V&A T.187-1948, Woman's robe of weft-pattern woven silk, China (early 18th century)
A women's woven silk with supplementary weft patterning robe (with design of sky, earth and water, 9 large five-clawed dragons pursuing and clasping the sacred discs among clouds in green, blue, red, yellow and brown silks and gold thread, Lined with pink figured silk) is unlike the other Chinese women's garments in the Museum, but the curators and conservators of V&A museum knew from 18th-century pictorial sources that it was very fashionable at the time. It is front-fastening, whereas many other robes fasten to one side. Its decoration was undertaken on the loom as weaving techniques advanced, rather than being added later in the form of embroidery. The particular layout of the dragon motifs also marks it out from other garments in the V&A's collection .

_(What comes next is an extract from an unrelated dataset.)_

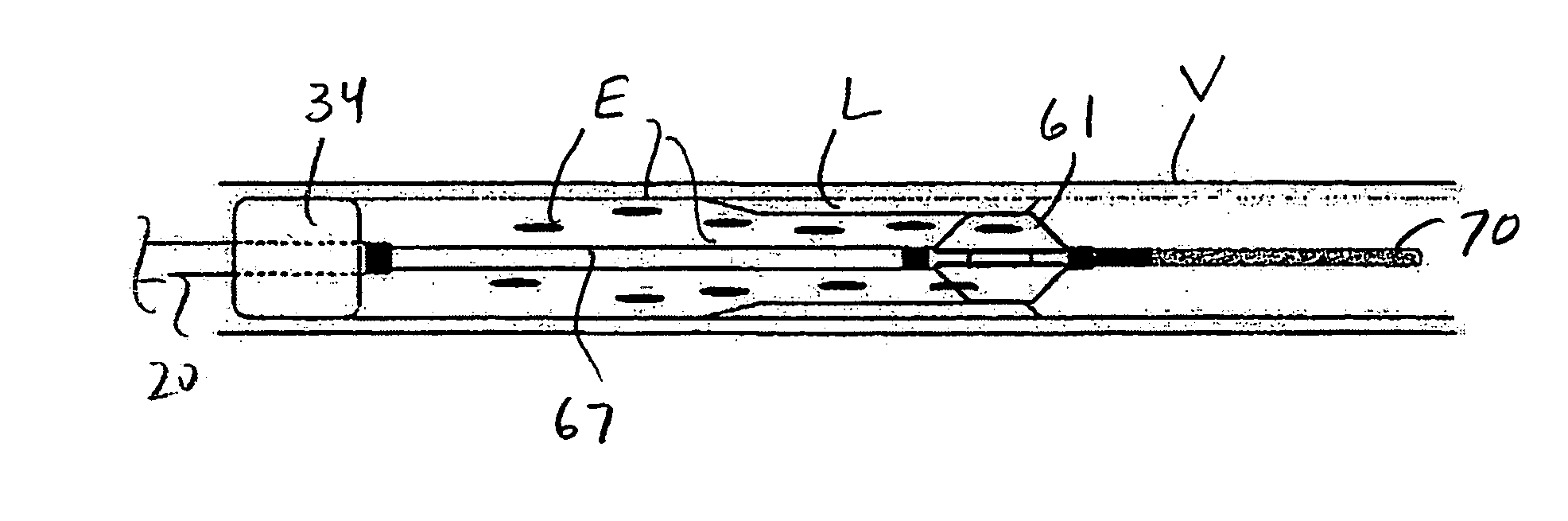 Embolic protection and plaque removal system with closed circuit aspiration and filtering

Victoria and Albert Museum, London, UK T.187-1948
Summary of results
Traditionally used Chinese dyes, pagoda tree buds, sappanwood and safflower had been identified as the dyeing sources of this Chinese woman's robe . Berberine was found in sample 5,8,9 and 11. Quite a few plants can generate berberine as a yellow dye . The most widely used were Phellodenrom spices, for example Amer cork tree and Chinese cork tree.
 Jing Han, The Historical and chemical investigation of dyes in high status Chinese costume and textiles of the Ming and Qing Dynasties (1368-1911) PhD thesis, University of Glasgow February 2016.